YOUR TASK:
Return, without pictures, the lines from the start of the data through the one that contains "the red apple".

INFORMATION SHOWN:
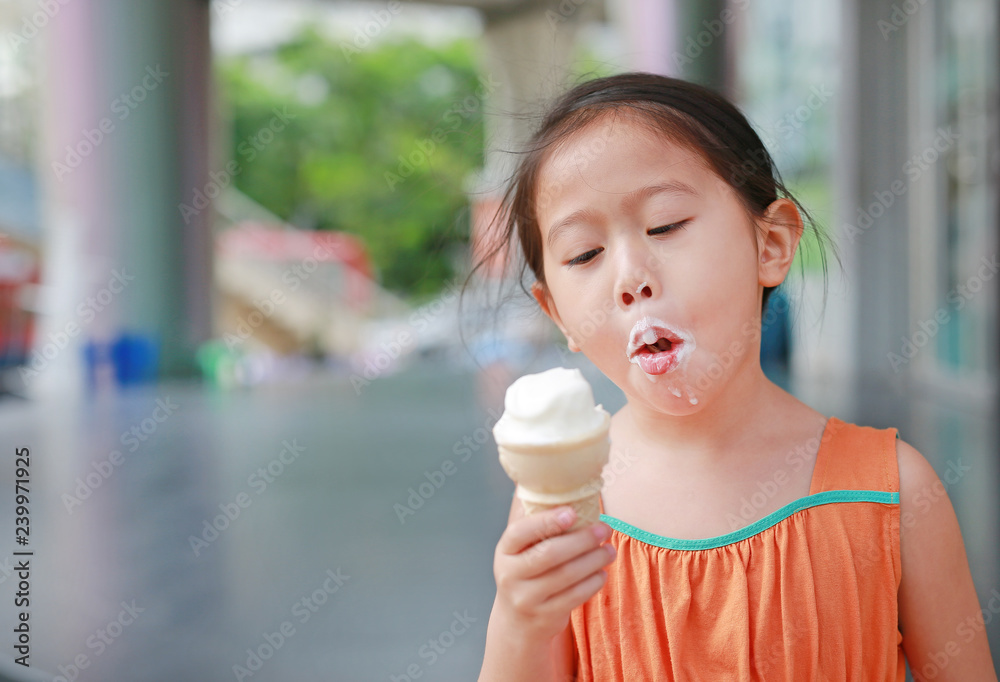 little Asian child girl enjoy eating ice cream cone. little Asian child girl enjoy eating ice cream cone.
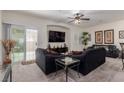 Inviting living room with plush seating, ceiling fan, and sliding glass door at 4808 Straight Flush Dr # 103, Las Vegas, NV 89122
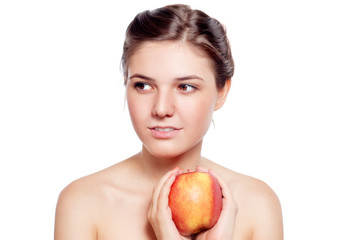 Beautiful  brunette with the red apple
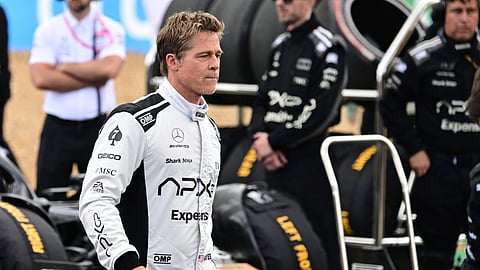 Actor Brad Pitt walks through the paddock before the British Formula One Grand Prix race at the Silverstone racetrack, Silverstone, England, Sunday, July 9, 2023.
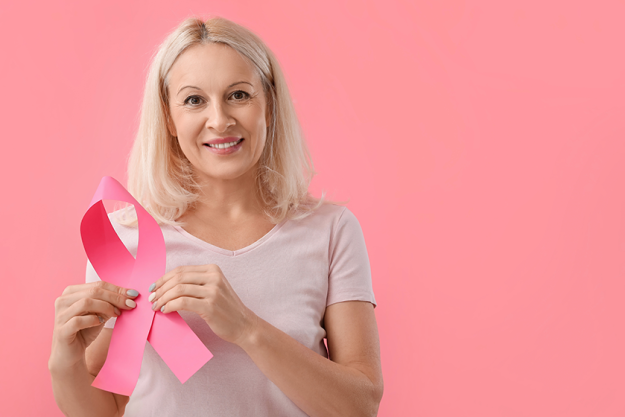 Mature woman with pink ribbon on color background.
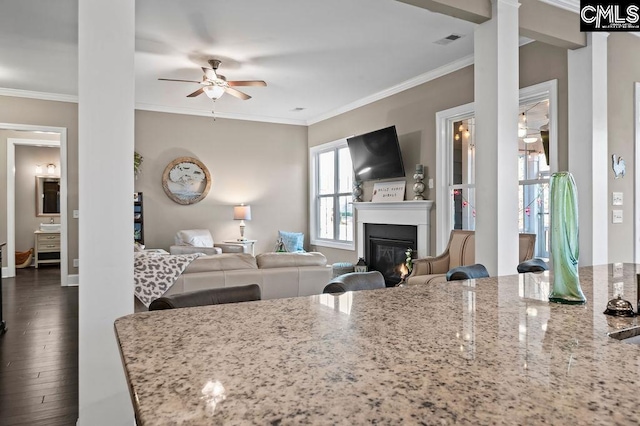 kitchen featuring ceiling fan, light stone countertops, ornamental molding, and dark wood-type flooring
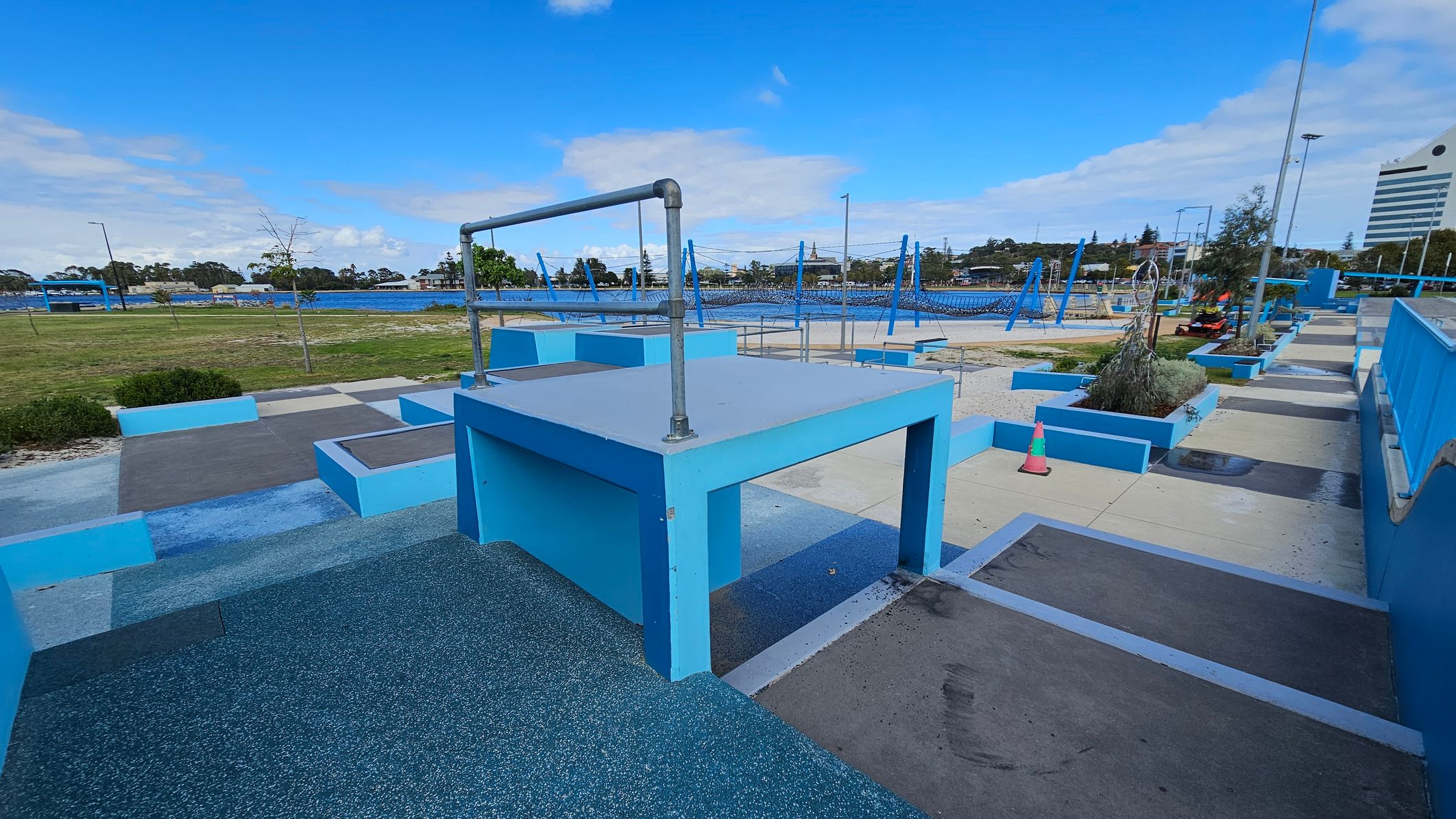 A parkour training area with various blue structures and platforms. In the foreground, a large blue platform with a metal bar on top is visible. To the right, there are more platforms and a pathway with a traffic cone. In the background, a grassy area and a body of water can be seen, along with trees and a few buildings. The ground is a mix of textured surfaces and concrete, and the area is open and spacious. A parkour training area with various blue structures and platforms. In the foreground, a large blue platform with a metal bar on top is visible. To the right, there are more platforms and a pathway with a traffic cone. In the background, a grassy area and a body of water can be seen, along with trees and a few buildings. The ground is a mix of textured surfaces and concrete, and the area is open and spacious.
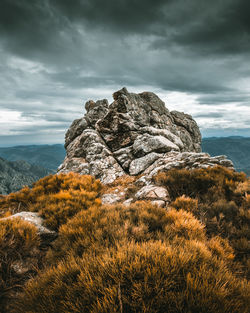 Rock formation against cloudy sky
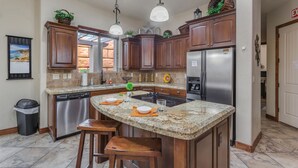 A kitchen with granite countertops, stainless steel appliances, wooden cabinets, and pendant lighting. - Coral Ridge Resort 1919, Across from Clubhouse and Pools! Golf Course Views (Washington)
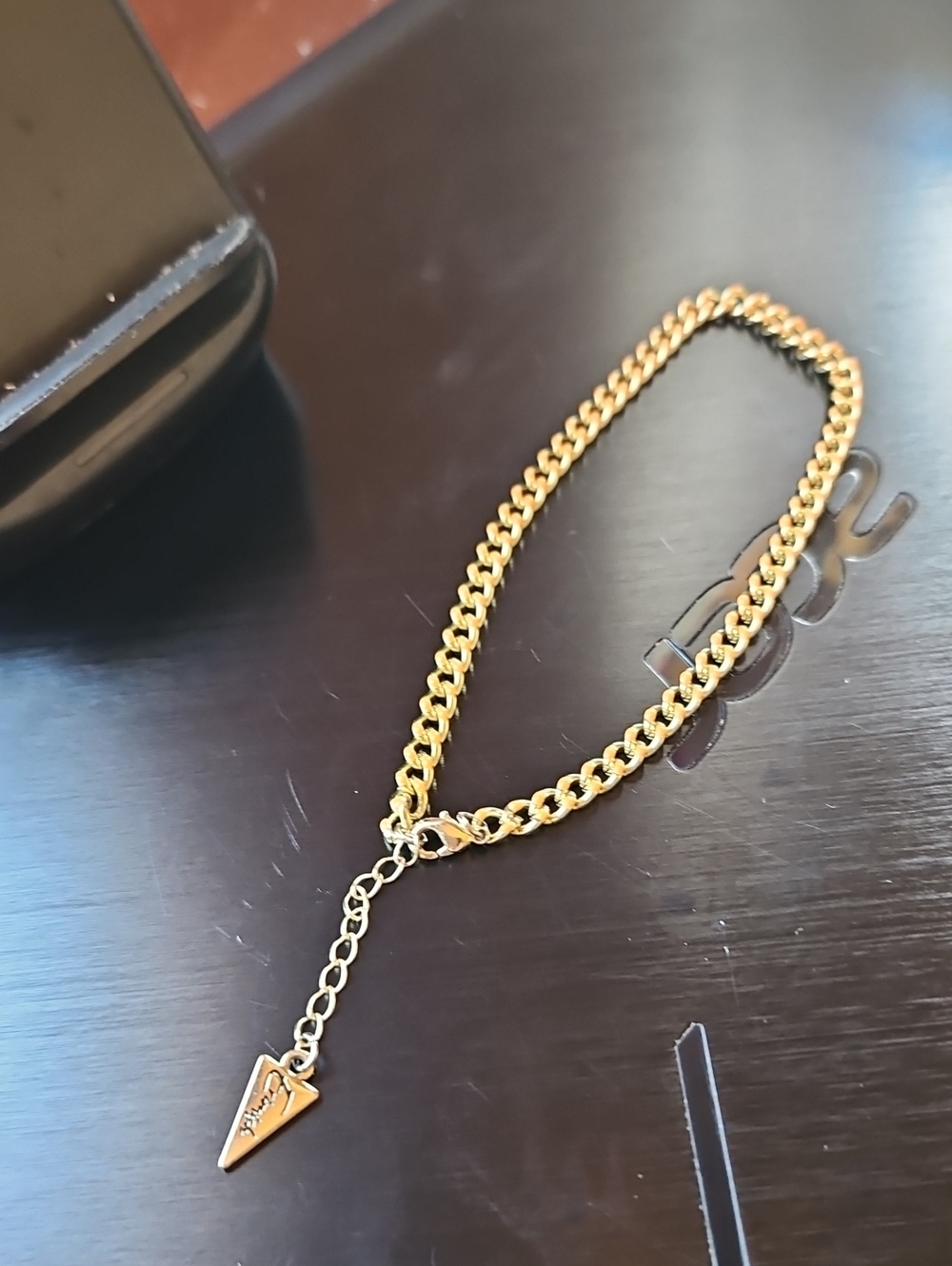 Men’s Gold Curb Chain Bracelet with Arrow Pendant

WRITTEN SOLUTION:
 little Asian child girl enjoy eating ice cream cone. little Asian child girl enjoy eating ice cream cone.
 Inviting living room with plush seating, ceiling fan, and sliding glass door at 4808 Straight Flush Dr # 103, Las Vegas, NV 89122
 Beautiful  brunette with the red apple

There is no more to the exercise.